Given material |
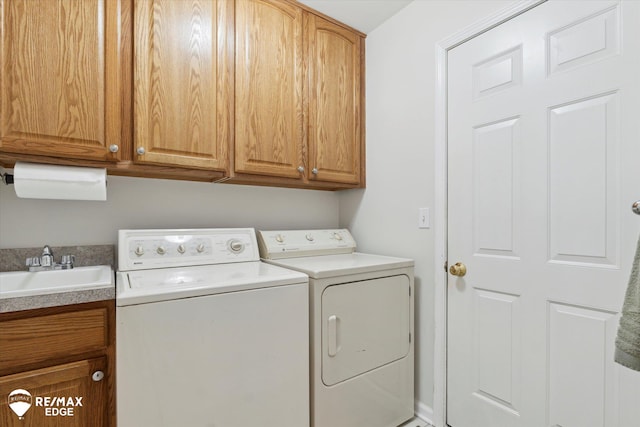 4433 Sunset Blvd, Grand Blanc, MI 48439 - washroom featuring cabinet space and independent washer and dryer
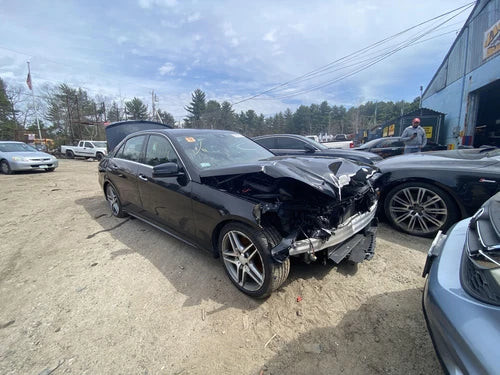 2012-2016 Rear Carrier Mercedes E-Class 12 13 14 15 16 Used OEM Rear Differential Carriers used OEM rear differential carrier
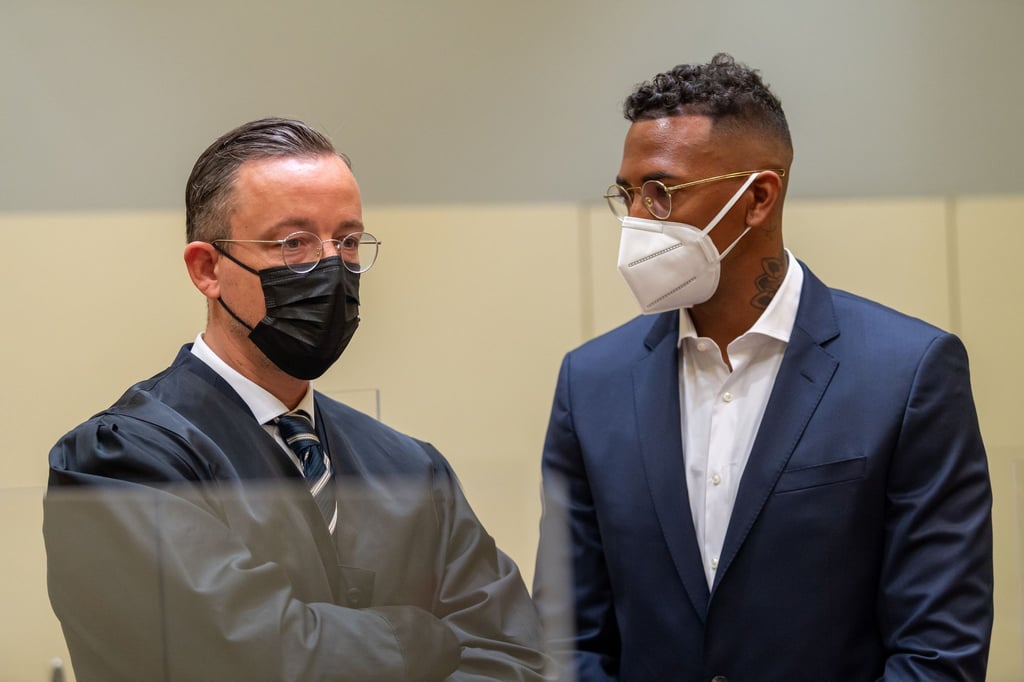 Der Fußball-Profi und ehemalige Nationalspieler Jérôme Boateng (r) im Amtsgericht München mit seinem Anwalt Kai Walden.
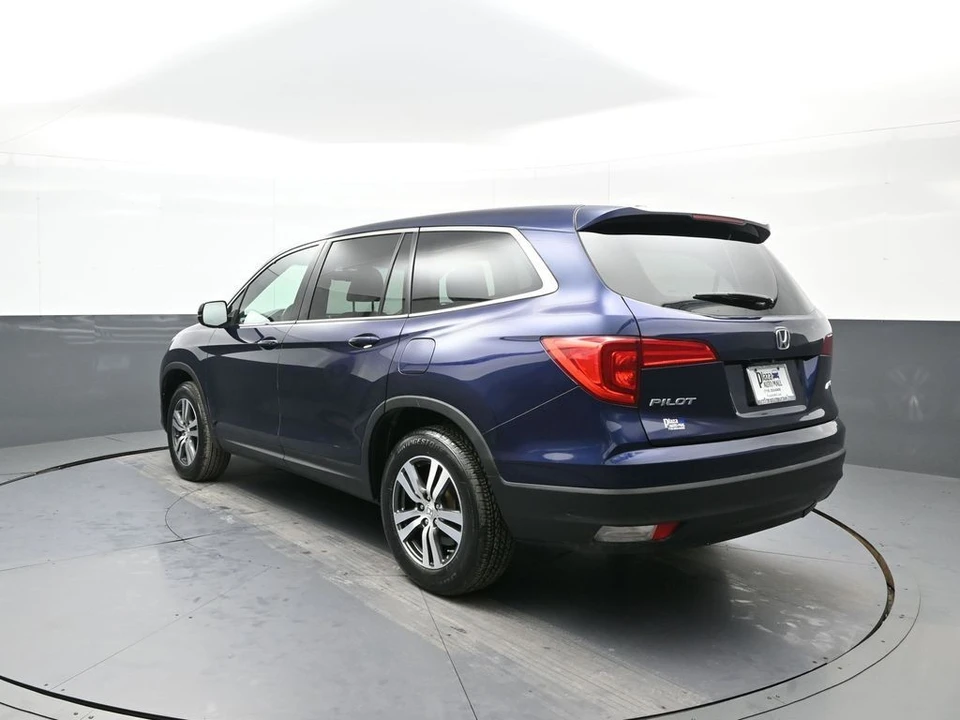 2017 Honda Pilot 3rd Gen - Image 8 of 12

Task statement | Set down the material again exactly. Don't carry over any pictures.

Response to the exercise |
 4433 Sunset Blvd, Grand Blanc, MI 48439 - washroom featuring cabinet space and independent washer and dryer
 2012-2016 Rear Carrier Mercedes E-Class 12 13 14 15 16 Used OEM Rear Differential Carriers used OEM rear differential carrier
 Der Fußball-Profi und ehemalige Nationalspieler Jérôme Boateng (r) im Amtsgericht München mit seinem Anwalt Kai Walden.
 2017 Honda Pilot 3rd Gen - Image 8 of 12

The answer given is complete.